The Western support of a temporary emergency government in the West Bank in the face of a Hamas-controlled Gaza is short-sighted. This process essentially creates parallel Palestinian governments: one existing in the name of legitimate democratic process and the other deriving its power from the unlimited political and economic support of the West. If this situation continues, the Palestinian territories might be divided into two states. If division is to be averted, that must be done through dialogue between Hamas and Fatah which will restore the unity government sponsored by the Saudis and blessed by the Arab league but shunned by the West. Alternatively, the West may arm Fatah and encourage it to invade Gaza. Should Hamas feel that Abbas is in fact moving in that direction, it will order its followers in the West Bank to turn it into a war zone. If that were to happen, it will be in fact Gaza that will be living in peace while the West Bank will be plunged into an asymmetrical civil war.

Short of any just and fair political settlement and an end to occupation, the situation may turn into a crisis. It is very unlikely that the indecisive Abbas can reach a deal with the utterly unpopular Israeli prime minister through the mediation of an overwhelmed Bush administration. When considering the fact that the peace process stalled primarily because of the status of Jewish settlements in the West Bank (now in the hands of Fatah) and the fate of Palestinian refugees, it is highly unlikely that a comprehensive deal can be reached with the combination of these political players even if the economic situation for Palestinians improves.

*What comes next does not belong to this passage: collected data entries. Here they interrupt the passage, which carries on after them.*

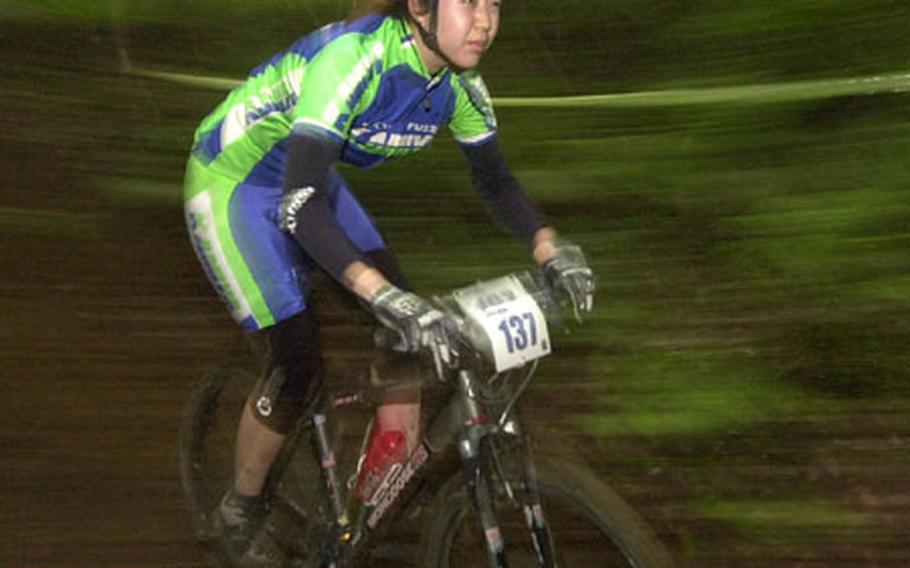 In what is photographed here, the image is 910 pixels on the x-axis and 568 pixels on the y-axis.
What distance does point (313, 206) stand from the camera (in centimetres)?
285

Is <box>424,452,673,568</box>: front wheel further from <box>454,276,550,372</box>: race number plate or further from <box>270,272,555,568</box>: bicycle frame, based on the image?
<box>454,276,550,372</box>: race number plate

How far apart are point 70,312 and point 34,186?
4.33 ft

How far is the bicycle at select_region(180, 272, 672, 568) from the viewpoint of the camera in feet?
8.77

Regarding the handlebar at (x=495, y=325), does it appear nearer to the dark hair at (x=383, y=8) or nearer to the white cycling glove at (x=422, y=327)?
the white cycling glove at (x=422, y=327)

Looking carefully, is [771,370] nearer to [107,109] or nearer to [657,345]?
[657,345]

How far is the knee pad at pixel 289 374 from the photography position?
335cm

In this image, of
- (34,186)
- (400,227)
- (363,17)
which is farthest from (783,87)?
(34,186)

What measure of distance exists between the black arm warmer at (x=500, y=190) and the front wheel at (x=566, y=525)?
69 centimetres

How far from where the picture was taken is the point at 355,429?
3.50 m

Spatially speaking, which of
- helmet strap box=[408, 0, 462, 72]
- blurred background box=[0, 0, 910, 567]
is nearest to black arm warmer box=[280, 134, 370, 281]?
helmet strap box=[408, 0, 462, 72]

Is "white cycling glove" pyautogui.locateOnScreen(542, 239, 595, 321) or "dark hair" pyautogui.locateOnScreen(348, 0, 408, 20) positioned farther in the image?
"dark hair" pyautogui.locateOnScreen(348, 0, 408, 20)

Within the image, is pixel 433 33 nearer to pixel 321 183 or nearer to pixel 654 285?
pixel 321 183

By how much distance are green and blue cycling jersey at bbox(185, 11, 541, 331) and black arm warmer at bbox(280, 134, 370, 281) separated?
2.6 inches

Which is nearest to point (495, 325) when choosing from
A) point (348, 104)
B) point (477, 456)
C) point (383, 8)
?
point (477, 456) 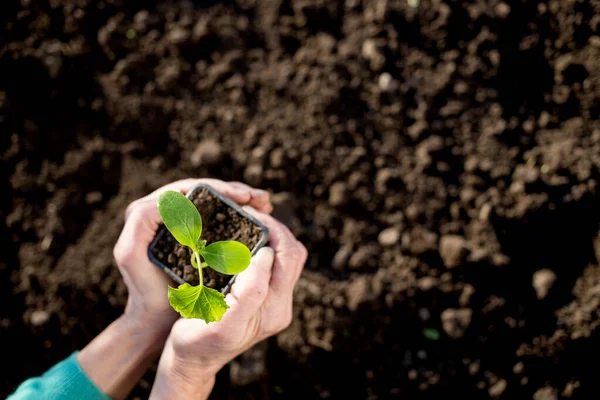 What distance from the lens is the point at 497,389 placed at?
1.79 metres

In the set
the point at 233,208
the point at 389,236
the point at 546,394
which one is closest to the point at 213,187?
the point at 233,208

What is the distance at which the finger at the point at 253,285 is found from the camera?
1.30 metres

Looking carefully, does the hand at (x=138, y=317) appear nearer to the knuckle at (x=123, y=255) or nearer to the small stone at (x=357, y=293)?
the knuckle at (x=123, y=255)

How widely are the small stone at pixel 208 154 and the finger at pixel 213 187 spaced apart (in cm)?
49

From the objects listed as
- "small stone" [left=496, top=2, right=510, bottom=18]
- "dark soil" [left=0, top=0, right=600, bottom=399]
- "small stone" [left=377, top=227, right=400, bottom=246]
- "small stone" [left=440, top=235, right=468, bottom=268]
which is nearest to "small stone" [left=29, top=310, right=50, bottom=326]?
"dark soil" [left=0, top=0, right=600, bottom=399]

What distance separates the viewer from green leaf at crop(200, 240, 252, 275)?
110 centimetres

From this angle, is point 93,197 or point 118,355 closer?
point 118,355

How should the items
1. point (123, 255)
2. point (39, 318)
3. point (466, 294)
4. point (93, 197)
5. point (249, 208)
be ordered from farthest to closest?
point (93, 197) < point (39, 318) < point (466, 294) < point (249, 208) < point (123, 255)

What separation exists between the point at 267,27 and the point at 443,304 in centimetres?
136

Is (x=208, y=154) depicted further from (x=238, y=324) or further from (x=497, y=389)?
(x=497, y=389)

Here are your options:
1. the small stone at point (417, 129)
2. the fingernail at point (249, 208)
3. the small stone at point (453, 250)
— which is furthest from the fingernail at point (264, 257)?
the small stone at point (417, 129)

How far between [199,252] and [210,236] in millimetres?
274

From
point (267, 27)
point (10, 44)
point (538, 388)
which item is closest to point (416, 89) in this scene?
point (267, 27)

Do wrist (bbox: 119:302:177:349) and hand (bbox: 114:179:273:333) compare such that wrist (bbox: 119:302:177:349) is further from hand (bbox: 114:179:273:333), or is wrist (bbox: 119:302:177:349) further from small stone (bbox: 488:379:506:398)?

By supporting a parallel Palestinian government whose control over Gaza is doubtful under these circumstances, the West (1) implicitly encourages Arab leaders to continue to rule without popular mandate, (2) discredits the secondary premise under which it invaded Iraq (spread of democracy), (3) casts doubt over its commitment to representative governance in the Muslim world, (4) gives credence to the claims that the West will never allow or tolerate true democracy if such a process were to bring unfriendly forces to power. In the end, the West’s double standard feeds the Arab dictators appetite for tyranny and despotism and radicalizes the Muslim masses that would other wise play by the democratic rules. Given these developments, it is likely that, before the end of his term, President Bush will see all his democratic “experiments” (in Iraq, Lebanon, Egypt, and Palestine) expire.

M

About M

Editors of MAJALLA.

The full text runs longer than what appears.